At the end of 2020, I was hard working at the Covid Hospital (so-called Red Zone). I saw many people die, I had to pack deceased people in the black bags. I talked with some of them before their death, and one old lady, lying in the bed and grabbing my hand, once said to me: “I can’t stand it at all. I want to die. I feel alone. I grab your hand not even knowing you personally. I remember myself young and beautiful and wanted by different boys, but now, closing to death, I am absolutely alone and broken. My children don’t even care for me. Life went too fast.” Her words touched my heart very deeply. Nevertheless, I was still in the bad state of mind, like nothing has changed. Only suffering, disappointment and eternal death. I saw nothing but pain and death in agony. I was falling into abyss, dissolving to pieces. I forgot who I am. Head went round and round.

The night of sincerity. Being deeply depressed, I was close to another suicide attempt. I felt it like in the nightmare of the past. It was in winter night 2021, when I lay down on the floor and started crying. I didn’t know whom to address. I looked up in the sky full of stars and started praying: “Please, save me, whoever You are, but the True One. I don’t know Your name, so, please, appear to me, show me the way, save me from this hell.”. Two months later I found Pure Land Buddhism. I knew a few things about it. Then I started searching if there are people who can explain to me the teaching as a member of this Buddhist Path. I met Shingyo (Jodo Shinshu Buddhist of the Amidaji branch) on internet and asked him to explain the teaching. He was glad to tell everything he knew. Moreover, he answered a lot of the questions that I hadn’t been able to get before. The more he told me the more I understood what I had prayed for. Amida showed me the way I was looking for my whole life. He is the Savior, who saves sentient beings no matter how blind and evil they are. The black clouds of my mind were scattered by Amida’s Light. I felt more and more warmer in my heart and soul. Another thing I learned was that  importance of good karma from the past that makes us open to Amida and the Power of Amida himself.  He wishes us to be born in His Pure Land. It is a very rare opportunity in this Samsara to come closer to salvation. And I knew that I can’t help myself, but Amida does it for us by himself. I asked Shingyo how to become an official member of Amidaji. He said to write a massage to Rev. Josho Adrian Cirlea, who is the Sensei of Amidaji orthodox branch of Pure Land Buddhism.

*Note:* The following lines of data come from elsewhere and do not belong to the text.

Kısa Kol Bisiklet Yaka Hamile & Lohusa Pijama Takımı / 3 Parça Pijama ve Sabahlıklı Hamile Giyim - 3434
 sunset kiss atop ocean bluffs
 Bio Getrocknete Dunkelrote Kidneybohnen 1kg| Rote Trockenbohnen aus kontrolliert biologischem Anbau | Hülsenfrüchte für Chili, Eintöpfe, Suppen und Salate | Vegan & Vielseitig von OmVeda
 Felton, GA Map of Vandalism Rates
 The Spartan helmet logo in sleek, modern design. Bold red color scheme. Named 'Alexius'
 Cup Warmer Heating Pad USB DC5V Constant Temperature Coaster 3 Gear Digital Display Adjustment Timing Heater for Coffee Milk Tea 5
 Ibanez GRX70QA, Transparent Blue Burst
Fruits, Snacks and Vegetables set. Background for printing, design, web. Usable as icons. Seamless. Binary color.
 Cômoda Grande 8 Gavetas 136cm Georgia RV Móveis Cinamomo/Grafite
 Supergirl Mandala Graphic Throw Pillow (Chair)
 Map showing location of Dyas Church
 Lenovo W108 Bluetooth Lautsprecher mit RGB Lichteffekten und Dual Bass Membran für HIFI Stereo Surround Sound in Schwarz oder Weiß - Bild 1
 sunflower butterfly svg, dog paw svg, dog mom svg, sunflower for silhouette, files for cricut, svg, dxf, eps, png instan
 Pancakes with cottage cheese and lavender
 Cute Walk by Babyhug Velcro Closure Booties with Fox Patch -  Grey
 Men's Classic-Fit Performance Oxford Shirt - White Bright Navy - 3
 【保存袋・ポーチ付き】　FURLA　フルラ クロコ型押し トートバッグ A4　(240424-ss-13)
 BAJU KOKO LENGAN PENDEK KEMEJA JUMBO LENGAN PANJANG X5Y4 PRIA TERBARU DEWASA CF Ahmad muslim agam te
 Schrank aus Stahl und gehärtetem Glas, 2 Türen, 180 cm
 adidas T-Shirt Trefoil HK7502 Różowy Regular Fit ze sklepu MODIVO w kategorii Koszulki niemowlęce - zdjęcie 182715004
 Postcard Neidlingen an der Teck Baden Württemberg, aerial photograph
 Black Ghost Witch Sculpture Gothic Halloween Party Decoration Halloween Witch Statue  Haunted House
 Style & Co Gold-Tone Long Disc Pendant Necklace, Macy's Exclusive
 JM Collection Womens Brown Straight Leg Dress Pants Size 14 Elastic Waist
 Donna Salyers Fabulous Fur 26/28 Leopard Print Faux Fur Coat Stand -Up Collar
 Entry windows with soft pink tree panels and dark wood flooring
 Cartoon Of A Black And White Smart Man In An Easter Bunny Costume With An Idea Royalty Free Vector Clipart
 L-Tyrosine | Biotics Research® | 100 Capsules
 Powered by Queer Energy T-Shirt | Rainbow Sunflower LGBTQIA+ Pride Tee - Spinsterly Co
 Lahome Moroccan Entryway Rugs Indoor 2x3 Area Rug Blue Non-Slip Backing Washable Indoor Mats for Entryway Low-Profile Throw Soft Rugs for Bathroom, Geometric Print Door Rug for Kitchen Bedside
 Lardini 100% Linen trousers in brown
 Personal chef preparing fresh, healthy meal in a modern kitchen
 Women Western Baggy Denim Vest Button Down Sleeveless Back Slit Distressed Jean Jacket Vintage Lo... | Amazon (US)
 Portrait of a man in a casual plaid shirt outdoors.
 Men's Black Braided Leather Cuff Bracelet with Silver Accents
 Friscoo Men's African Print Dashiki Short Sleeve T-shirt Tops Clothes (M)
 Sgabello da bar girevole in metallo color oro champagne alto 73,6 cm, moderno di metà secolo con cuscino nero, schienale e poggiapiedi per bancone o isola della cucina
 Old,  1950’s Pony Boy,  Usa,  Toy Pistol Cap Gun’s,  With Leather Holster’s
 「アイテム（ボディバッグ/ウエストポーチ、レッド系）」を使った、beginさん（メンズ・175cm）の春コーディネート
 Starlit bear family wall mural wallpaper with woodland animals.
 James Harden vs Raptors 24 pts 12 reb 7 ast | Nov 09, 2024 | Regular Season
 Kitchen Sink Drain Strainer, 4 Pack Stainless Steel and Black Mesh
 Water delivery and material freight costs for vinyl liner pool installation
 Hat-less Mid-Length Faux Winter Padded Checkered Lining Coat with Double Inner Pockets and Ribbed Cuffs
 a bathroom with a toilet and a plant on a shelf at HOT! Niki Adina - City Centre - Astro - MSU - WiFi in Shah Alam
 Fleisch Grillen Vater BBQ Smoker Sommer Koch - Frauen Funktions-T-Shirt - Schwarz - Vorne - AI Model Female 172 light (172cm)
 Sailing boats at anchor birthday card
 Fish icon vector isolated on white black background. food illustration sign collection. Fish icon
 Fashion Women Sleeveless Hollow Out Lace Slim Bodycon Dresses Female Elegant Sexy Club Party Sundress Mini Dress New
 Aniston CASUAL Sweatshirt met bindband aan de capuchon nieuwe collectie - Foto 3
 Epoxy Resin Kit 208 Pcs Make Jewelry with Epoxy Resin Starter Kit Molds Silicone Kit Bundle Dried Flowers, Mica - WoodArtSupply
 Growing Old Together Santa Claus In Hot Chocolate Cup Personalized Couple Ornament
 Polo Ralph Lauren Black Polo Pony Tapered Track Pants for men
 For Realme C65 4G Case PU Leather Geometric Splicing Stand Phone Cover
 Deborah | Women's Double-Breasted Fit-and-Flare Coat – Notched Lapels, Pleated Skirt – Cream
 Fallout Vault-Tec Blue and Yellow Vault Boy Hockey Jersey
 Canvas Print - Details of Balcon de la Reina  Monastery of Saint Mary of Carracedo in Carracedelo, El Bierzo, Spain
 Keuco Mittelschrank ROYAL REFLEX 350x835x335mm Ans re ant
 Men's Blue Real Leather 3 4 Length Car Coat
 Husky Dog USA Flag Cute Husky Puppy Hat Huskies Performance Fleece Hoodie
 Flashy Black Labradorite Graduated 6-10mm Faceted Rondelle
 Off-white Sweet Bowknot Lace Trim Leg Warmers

I sent a message to him, asking to become a member of Amidaji. On the 11th of June 2021, I received kieshiki (refuge ceremony) from Rev. Josho. I’ve never met such a religious person before. His eyes full of kind love and compassion put me at ease. It was a very productive conversation. He always smiled which made me glad and calm. During the sacrament I felt the presence of Amida Buddha and Shakyamuni Buddha. I never felt like this before. I felt safety and happy. The great Compassion of Amida Buddha showed me the Truth. I am eternally grateful to Amida Buddha, our Masters, our Sensei and Shingyo. I am deeply thankful to Rev. Josho for his hard work and guidance. I am very happy that Amida saves me and grateful to be a member of Orthodox Jodo Shinshu Buddhism.